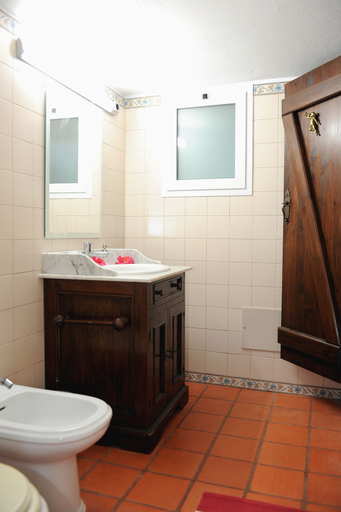 Bathroom 3, Quinta Cova do Milho, Santa Cruz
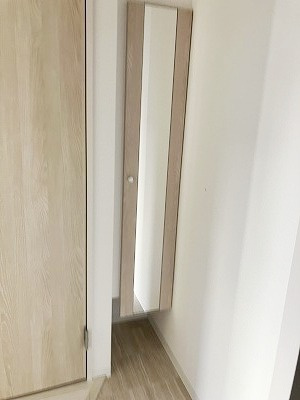 グランシルク小山台の玄関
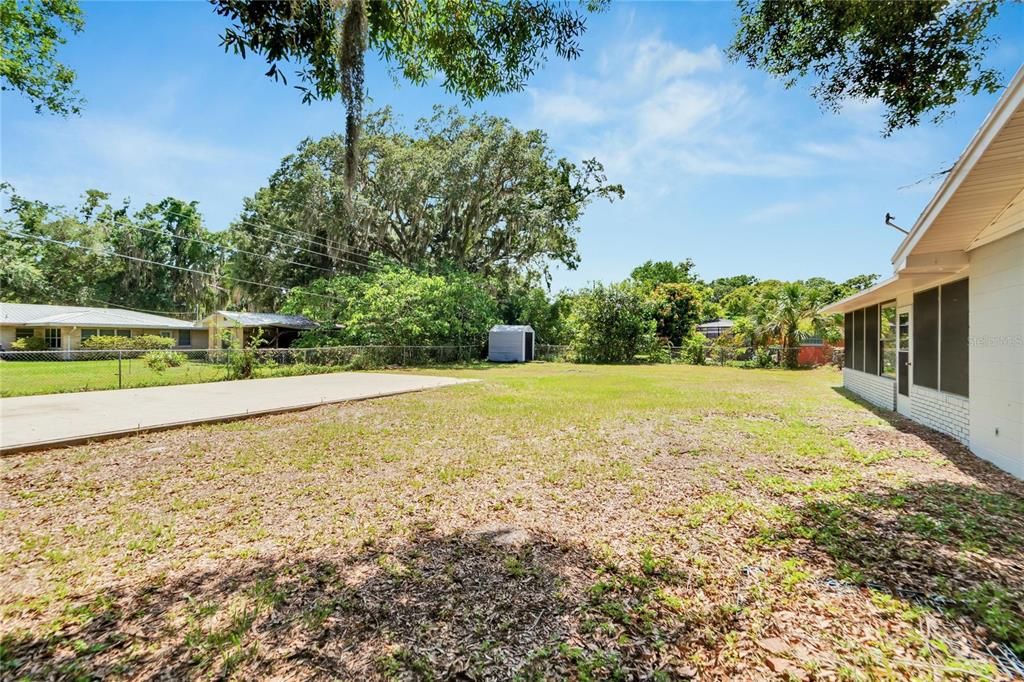 Recently Sold: $360,340 (3 beds, 2 baths, 2203 Square Feet)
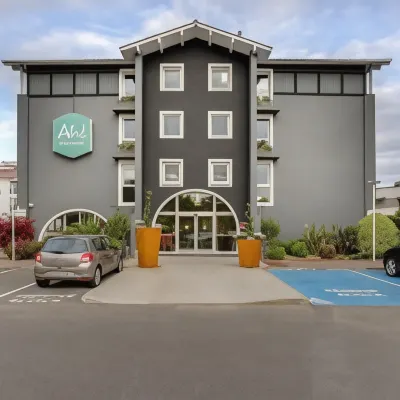 Kyriad Anglet - Biarritz Hotels near Jardin Botanique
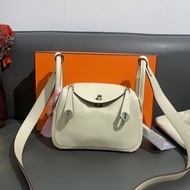 Hermes愛馬仕mini lindy奶油白swift皮內拼琥珀黃銀扣B刻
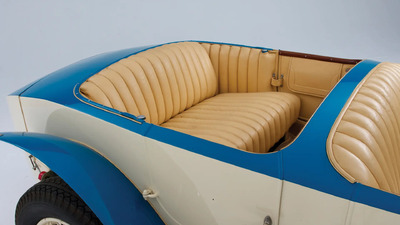 Cream LeatherInterior image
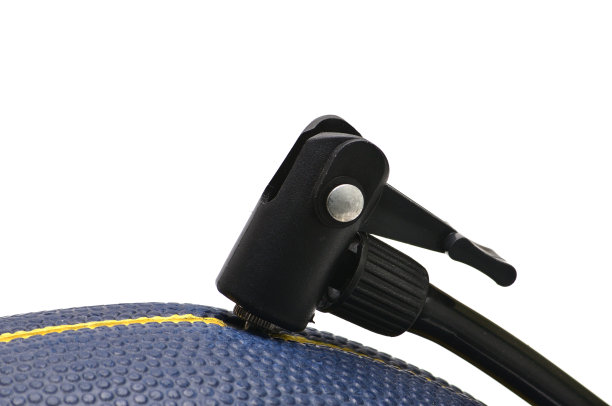 在白色背景上抽气的泵和针图片下载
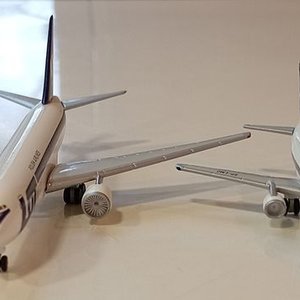 Lote de 2 Aviones a Escala LOT Polish Airlines: Boeing 737 y 767-300 (Herpa) - imagen 5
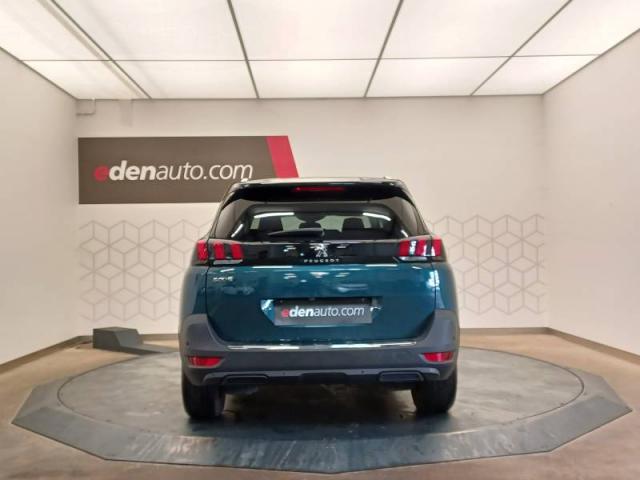 Peugeot 5008 image 1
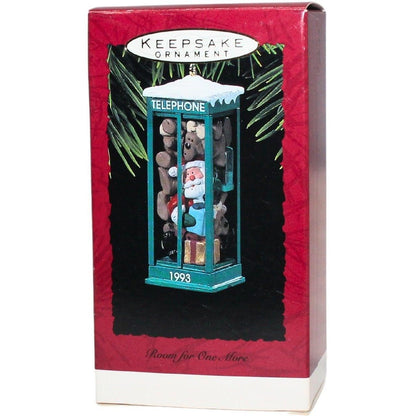 1993 Room for One More Hallmark Ornament (Reindeer Quartet) QX5382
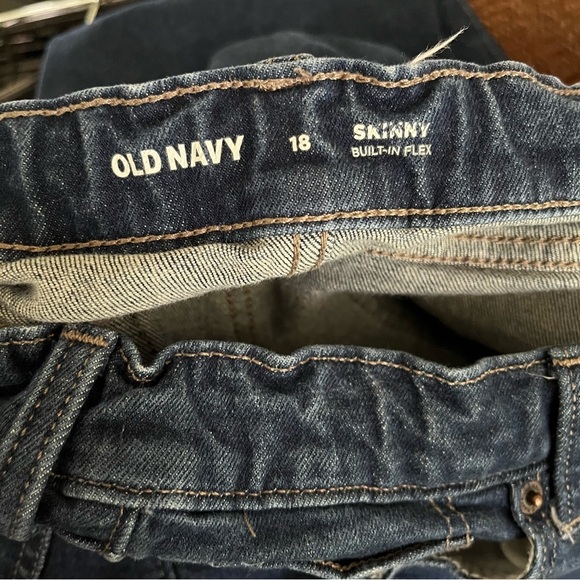 Old Navy Built-In Flex Skinny Jeans Boys Size 18 Dark Stretch Adjustable Waist - Picture 6 of 6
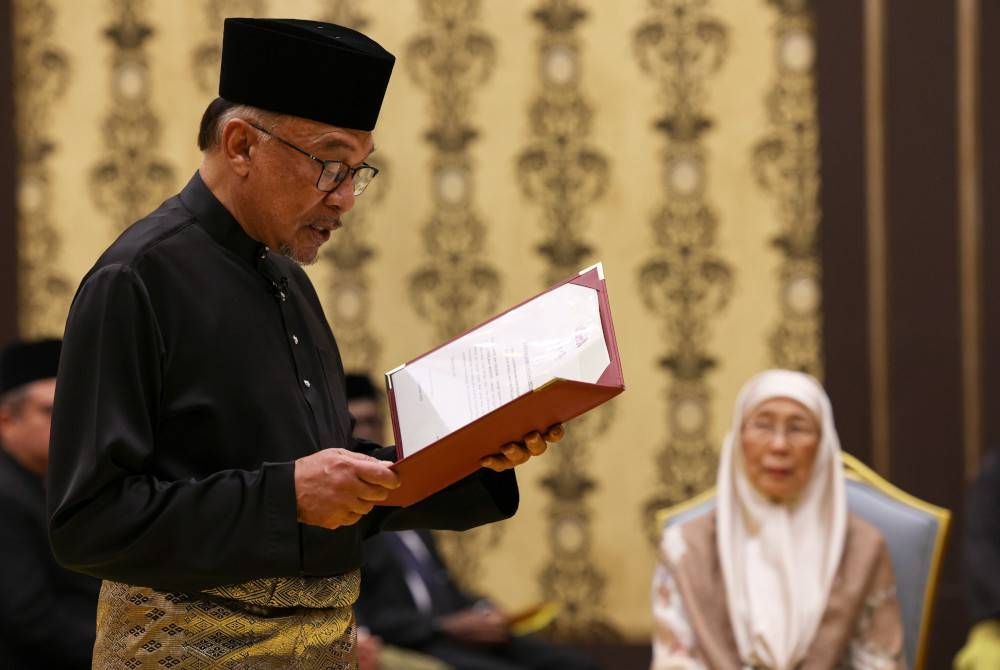 Anwar angkat sumpah jawatan sebagai Perdana Menteri ke-10 di hadapan Yang di-Pertuan Agong, Al-Sultan Abdullah Ri’ayatuddin Al-Mustafa Billah Shah pada Khamis. - Foto Bernama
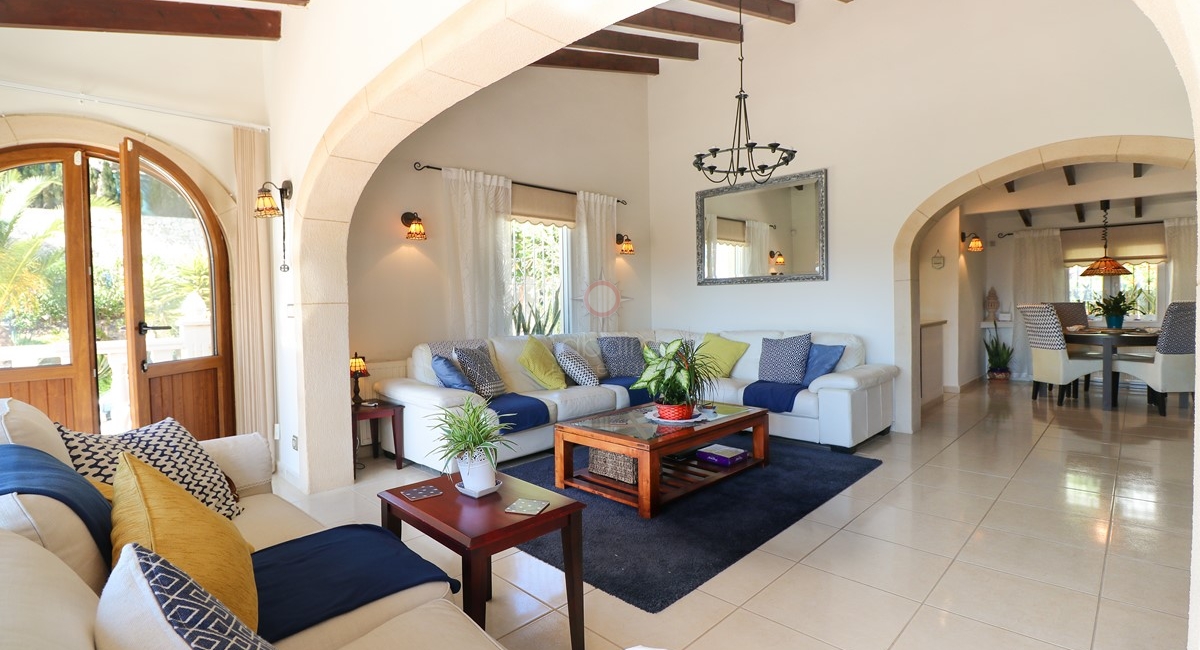 ▷ Villa for sale in Paichi Moraira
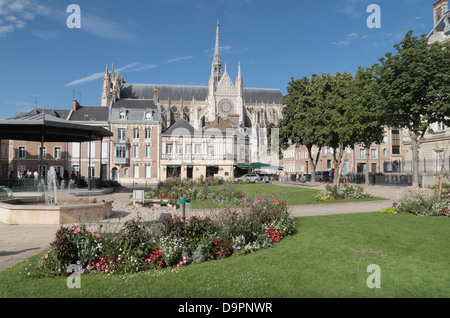 Blick über quadratische Jules Bocquet zur Somme, Frankreich, Amiens, Kathedrale von Amiens und Picardie. Stockfoto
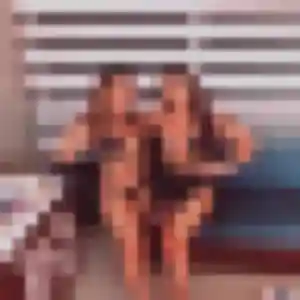 Rejoins Sandrine, 32 ans à Désertines en privé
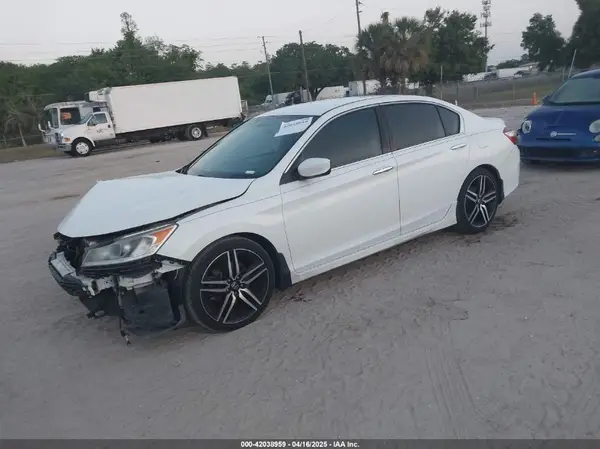 1HGCR2F59GA065470 2016 HONDA ACCORD - Image 2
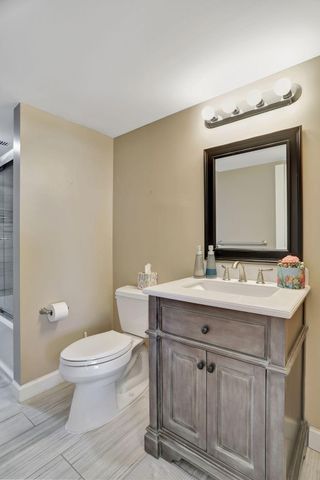 4 Royal Palm Way 6020, Boca Raton, FL 33432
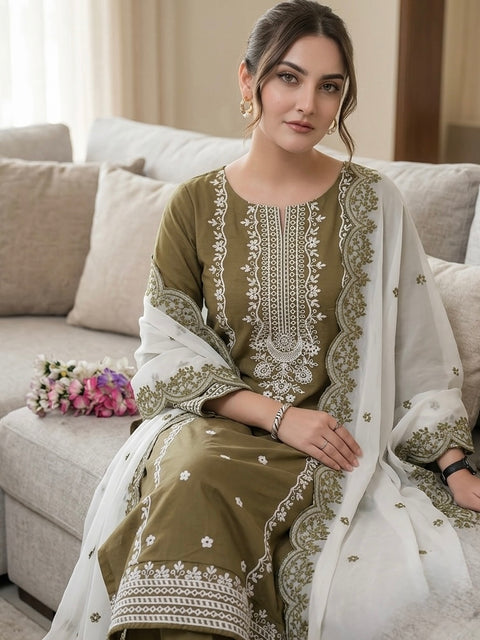 🔥 Most Demanded Article Shiffle Chikankari Lawn 3 Pc 👗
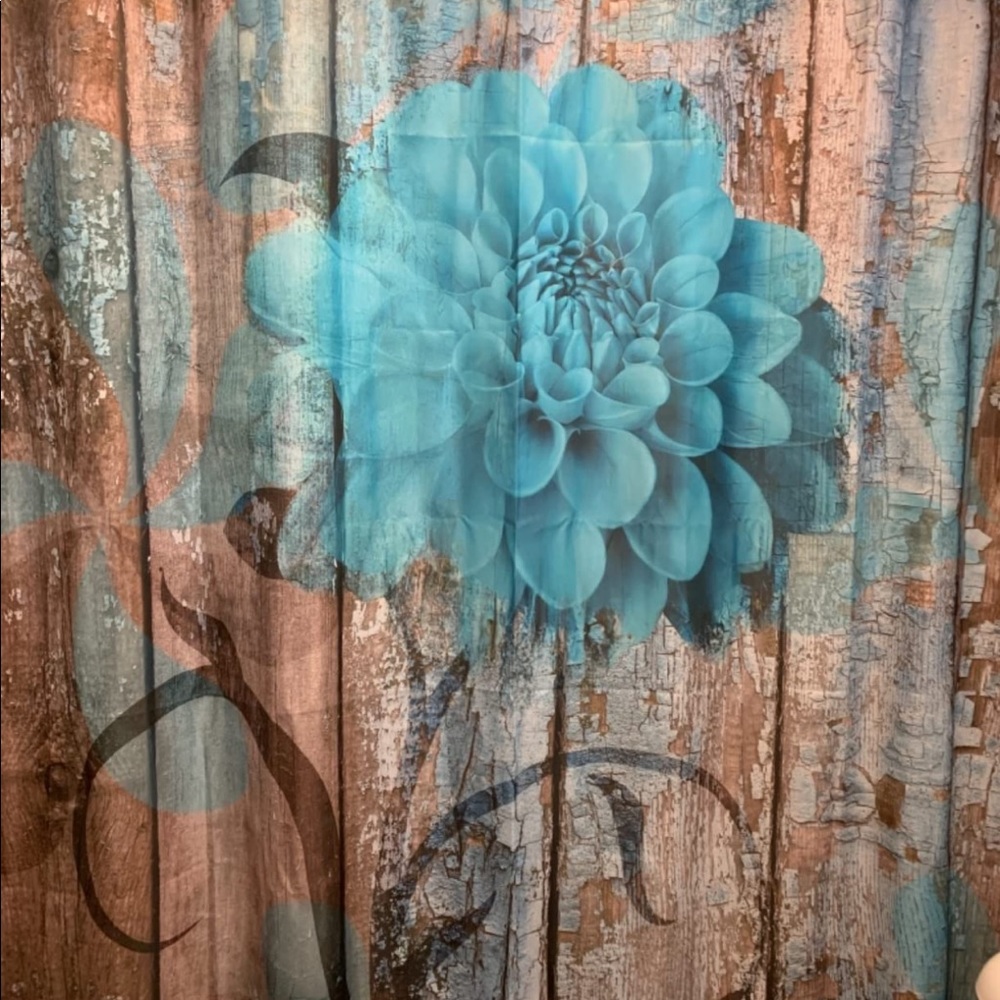 Shower/Bath Curtain - Picture 3 of 4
# # #
• [Directions for this task]:
Write out the lines from the line with "在白色背景上抽气的泵和针图片下载" through the end of the records exactly; do not include pictures or any other lines.

• [Task output]:
 在白色背景上抽气的泵和针图片下载
 Lote de 2 Aviones a Escala LOT Polish Airlines: Boeing 737 y 767-300 (Herpa) - imagen 5
 Peugeot 5008 image 1
 1993 Room for One More Hallmark Ornament (Reindeer Quartet) QX5382
 Old Navy Built-In Flex Skinny Jeans Boys Size 18 Dark Stretch Adjustable Waist - Picture 6 of 6
 Anwar angkat sumpah jawatan sebagai Perdana Menteri ke-10 di hadapan Yang di-Pertuan Agong, Al-Sultan Abdullah Ri’ayatuddin Al-Mustafa Billah Shah pada Khamis. - Foto Bernama
 ▷ Villa for sale in Paichi Moraira
 Blick über quadratische Jules Bocquet zur Somme, Frankreich, Amiens, Kathedrale von Amiens und Picardie. Stockfoto
 Rejoins Sandrine, 32 ans à Désertines en privé
 1HGCR2F59GA065470 2016 HONDA ACCORD - Image 2
 4 Royal Palm Way 6020, Boca Raton, FL 33432
 🔥 Most Demanded Article Shiffle Chikankari Lawn 3 Pc 👗
 Shower/Bath Curtain - Picture 3 of 4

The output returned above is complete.